Ecto: Incorrect prefix handling in belongs_to (Postgres schemas)

david_ex · September 15, 2019, 6:41pm

I’m having issues with using Ecto prefixes. The example below doesn’t quite reproduce the exact issue I’m having, but it should be close enough for them to be related.

Let’s say that we want to have some employee records with confidential data in a separate Postgres schema so that it’s only accessible to people with elevated access rights.

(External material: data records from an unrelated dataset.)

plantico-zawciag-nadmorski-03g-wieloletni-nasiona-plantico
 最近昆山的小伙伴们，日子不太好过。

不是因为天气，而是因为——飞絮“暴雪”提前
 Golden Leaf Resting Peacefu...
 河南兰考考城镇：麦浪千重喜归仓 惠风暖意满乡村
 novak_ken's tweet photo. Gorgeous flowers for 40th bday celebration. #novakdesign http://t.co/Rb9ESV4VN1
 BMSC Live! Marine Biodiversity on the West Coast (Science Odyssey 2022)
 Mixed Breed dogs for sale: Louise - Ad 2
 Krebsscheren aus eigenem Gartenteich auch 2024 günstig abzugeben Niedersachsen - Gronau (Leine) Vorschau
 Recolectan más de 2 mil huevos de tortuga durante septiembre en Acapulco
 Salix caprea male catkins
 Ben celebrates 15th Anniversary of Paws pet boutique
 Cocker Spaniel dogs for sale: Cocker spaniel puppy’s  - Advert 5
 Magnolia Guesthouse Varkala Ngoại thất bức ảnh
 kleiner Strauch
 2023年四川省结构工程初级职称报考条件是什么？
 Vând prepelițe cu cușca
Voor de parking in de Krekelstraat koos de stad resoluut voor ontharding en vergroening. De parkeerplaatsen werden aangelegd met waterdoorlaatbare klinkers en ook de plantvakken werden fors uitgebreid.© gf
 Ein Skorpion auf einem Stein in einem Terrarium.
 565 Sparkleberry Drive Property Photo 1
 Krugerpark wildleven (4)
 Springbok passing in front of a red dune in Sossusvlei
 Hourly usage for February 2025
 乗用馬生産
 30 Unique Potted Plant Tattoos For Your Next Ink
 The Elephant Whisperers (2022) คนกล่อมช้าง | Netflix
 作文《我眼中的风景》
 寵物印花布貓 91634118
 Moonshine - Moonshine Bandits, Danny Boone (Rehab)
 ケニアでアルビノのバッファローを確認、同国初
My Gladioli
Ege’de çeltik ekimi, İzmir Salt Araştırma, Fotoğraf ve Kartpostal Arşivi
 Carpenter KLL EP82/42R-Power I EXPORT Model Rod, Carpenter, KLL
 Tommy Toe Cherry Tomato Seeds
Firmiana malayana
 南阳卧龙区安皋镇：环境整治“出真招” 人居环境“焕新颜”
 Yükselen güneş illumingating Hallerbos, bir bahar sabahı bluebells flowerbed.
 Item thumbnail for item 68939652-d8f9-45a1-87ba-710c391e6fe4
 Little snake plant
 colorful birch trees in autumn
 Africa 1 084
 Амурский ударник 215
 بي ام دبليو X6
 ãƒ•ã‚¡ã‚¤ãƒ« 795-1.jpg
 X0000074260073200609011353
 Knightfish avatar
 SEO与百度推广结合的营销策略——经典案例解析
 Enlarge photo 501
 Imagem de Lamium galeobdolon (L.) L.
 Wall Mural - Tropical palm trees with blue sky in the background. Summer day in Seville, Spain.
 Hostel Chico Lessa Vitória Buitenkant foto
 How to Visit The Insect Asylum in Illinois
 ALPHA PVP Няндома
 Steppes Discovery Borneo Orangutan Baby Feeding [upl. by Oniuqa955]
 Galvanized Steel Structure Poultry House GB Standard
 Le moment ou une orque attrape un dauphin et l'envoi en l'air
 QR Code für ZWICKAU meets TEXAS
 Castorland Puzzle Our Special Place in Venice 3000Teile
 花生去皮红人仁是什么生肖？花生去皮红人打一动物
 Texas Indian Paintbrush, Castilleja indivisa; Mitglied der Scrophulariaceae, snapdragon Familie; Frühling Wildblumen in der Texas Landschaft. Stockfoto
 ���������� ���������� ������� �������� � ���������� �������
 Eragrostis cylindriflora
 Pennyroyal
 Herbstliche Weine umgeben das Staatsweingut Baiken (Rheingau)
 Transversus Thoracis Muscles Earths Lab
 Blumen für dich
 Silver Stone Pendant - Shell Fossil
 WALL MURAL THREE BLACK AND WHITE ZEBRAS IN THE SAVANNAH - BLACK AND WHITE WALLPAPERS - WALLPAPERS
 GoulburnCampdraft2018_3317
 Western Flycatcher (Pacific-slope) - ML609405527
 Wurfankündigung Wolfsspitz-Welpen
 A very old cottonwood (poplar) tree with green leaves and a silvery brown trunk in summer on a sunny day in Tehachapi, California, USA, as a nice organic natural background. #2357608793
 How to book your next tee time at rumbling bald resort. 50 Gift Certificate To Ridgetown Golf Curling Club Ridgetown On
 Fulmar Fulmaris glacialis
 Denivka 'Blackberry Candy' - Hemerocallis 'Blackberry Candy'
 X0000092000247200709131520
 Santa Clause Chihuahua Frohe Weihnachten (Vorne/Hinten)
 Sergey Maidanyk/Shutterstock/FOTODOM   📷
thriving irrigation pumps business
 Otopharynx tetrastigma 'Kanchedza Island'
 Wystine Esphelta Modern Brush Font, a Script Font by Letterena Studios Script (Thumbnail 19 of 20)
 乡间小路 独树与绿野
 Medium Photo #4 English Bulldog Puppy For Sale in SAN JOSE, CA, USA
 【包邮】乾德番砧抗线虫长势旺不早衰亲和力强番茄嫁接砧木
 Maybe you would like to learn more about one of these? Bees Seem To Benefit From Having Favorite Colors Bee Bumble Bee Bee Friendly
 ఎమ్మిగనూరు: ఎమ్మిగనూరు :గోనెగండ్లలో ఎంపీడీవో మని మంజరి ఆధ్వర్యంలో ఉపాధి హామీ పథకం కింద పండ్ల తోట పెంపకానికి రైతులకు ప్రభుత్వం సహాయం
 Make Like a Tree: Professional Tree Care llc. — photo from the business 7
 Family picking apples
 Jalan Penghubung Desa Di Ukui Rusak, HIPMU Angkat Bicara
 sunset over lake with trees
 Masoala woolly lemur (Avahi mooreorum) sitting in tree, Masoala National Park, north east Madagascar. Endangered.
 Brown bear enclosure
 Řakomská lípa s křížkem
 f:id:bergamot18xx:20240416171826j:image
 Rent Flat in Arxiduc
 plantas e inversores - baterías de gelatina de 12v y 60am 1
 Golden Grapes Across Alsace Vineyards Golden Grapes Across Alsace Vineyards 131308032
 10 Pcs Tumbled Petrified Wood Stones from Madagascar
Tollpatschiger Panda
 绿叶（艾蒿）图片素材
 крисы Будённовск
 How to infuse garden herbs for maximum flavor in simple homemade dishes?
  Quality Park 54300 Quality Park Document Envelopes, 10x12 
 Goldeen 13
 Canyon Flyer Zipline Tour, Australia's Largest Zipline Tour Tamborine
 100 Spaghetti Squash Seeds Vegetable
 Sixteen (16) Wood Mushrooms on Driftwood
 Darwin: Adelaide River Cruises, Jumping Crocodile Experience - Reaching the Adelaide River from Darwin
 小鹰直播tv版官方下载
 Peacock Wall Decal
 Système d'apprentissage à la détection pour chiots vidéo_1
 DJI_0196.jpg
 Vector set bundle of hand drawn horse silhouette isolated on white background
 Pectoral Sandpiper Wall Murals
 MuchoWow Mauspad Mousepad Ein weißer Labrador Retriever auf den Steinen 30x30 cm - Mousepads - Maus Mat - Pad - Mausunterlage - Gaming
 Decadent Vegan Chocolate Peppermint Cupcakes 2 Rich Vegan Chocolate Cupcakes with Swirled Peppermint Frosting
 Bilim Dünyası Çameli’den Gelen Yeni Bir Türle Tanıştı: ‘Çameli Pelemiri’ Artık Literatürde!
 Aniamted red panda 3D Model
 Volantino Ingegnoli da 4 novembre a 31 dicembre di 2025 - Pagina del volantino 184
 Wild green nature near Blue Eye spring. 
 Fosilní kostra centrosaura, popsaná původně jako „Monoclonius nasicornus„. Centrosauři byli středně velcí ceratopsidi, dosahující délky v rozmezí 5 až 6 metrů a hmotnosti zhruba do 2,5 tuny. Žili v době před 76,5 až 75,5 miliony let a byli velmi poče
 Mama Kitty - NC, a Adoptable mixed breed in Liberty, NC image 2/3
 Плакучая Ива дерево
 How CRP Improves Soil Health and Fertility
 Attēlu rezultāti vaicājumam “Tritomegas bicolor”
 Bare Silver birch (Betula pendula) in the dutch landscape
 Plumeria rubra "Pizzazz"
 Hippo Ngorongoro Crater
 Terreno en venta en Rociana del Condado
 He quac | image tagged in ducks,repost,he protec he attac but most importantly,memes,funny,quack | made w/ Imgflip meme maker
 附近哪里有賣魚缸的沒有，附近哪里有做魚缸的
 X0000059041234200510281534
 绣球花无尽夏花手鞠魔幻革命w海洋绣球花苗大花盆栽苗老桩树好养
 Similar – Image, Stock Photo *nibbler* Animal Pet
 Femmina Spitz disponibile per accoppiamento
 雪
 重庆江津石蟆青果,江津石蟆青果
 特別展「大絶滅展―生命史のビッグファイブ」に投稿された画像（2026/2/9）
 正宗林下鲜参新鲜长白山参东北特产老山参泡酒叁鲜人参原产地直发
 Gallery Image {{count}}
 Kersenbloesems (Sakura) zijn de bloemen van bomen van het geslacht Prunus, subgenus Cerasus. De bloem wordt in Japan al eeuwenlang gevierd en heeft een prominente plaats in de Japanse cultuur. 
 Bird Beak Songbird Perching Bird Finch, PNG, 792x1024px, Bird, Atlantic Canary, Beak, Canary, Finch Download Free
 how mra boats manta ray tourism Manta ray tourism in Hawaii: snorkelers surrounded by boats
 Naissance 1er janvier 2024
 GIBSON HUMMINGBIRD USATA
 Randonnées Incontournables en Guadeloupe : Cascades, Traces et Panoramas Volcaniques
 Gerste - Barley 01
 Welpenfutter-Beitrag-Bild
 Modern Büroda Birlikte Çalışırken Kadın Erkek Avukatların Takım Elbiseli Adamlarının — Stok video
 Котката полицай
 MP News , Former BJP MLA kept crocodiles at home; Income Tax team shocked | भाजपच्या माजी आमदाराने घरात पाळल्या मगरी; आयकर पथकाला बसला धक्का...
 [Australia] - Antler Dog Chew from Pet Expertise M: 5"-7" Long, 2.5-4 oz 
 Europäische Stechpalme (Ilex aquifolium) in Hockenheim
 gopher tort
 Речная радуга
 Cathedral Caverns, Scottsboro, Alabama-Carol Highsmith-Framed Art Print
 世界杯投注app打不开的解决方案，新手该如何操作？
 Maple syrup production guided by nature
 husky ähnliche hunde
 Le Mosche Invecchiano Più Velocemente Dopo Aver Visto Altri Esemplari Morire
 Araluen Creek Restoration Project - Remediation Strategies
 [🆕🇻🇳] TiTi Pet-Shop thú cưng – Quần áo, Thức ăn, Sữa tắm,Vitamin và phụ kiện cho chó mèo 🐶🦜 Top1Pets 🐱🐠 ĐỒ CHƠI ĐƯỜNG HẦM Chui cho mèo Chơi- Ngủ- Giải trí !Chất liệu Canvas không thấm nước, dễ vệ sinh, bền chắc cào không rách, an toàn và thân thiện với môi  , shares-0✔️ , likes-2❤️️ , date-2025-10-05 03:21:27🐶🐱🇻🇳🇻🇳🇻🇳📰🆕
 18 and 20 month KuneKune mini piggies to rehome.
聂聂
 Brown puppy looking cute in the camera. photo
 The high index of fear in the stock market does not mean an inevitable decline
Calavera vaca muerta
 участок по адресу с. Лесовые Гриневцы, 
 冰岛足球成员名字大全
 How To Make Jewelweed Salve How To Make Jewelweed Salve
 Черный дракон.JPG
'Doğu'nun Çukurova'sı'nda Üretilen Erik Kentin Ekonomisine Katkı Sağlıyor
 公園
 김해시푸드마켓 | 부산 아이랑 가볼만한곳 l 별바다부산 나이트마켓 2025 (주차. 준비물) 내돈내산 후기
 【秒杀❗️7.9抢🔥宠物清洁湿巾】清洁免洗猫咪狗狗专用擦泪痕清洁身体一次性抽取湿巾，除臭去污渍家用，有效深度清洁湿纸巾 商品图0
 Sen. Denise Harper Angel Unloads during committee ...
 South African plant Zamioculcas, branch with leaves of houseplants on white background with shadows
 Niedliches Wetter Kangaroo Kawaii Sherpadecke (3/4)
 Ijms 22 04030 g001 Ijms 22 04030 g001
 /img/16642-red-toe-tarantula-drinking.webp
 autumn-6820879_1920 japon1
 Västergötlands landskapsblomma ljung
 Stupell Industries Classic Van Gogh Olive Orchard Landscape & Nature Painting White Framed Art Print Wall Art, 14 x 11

We’ll use schema prefixes in Ecto to help us deal with this.

Let’s use the following migration:

defmodule EctoDemo.Repo.Migrations.AddEmployeeTables do
  use Ecto.Migration

  def change do
    create table("employees") do
      add(:name, :string, null: false)
    end

    create(index("employees", :name, unique: true))

    execute("CREATE SCHEMA gdpr")

    create table("employees", prefix: "gdpr") do
      add(:employee_record_id, references("employees"))
      add(:social_security_number, :string, null: false)
    end
  end
end

And let’s implement the following models to go with them:

defmodule EctoDemo.Gdpr.Employee do
  use Ecto.Schema

  @schema_prefix "gdpr"

  schema "employees" do
    belongs_to(:main_record, EctoDemo.Employee, foreign_key: :employee_record_id)

    field(:social_security_number, :string)
  end
end



defmodule EctoDemo.Employee do
  use Ecto.Schema

  schema "employees" do
    has_many(:gdpr_employees, EctoDemo.Gdpr.Employee, foreign_key: :employee_record_id)

    field(:name, :string)
  end
end

Let’s now play around in IEx:

iex> alias EctoDemo.Employee
iex> alias EctoDemo.Gdpr.Employee, as: GdprEmployee

iex(5)> Repo.insert_all(Employee, [[name: "John Doe"], [name: "Jane Smith"]])

19:56:29.581 [debug] QUERY OK db=4.3ms decode=5.0ms queue=1.6ms
INSERT INTO "employees" ("name") VALUES ($1),($2) ["John Doe", "Jane Smith"]
{2, nil}
iex(6)> Repo.insert_all(GdprEmployee, [[social_security_number: "111"], [social_security_number: "222"]])       

19:57:50.873 [debug] QUERY OK db=11.4ms queue=2.2ms
INSERT INTO "gdpr"."employees" ("social_security_number") VALUES ($1),($2) ["111", "222"]
{2, nil}

iex(7)> import Ecto.{Changeset, Query}

iex(14)> e = Repo.one(from e in GdprEmployee, where: e.id == 1, preload: :main_record)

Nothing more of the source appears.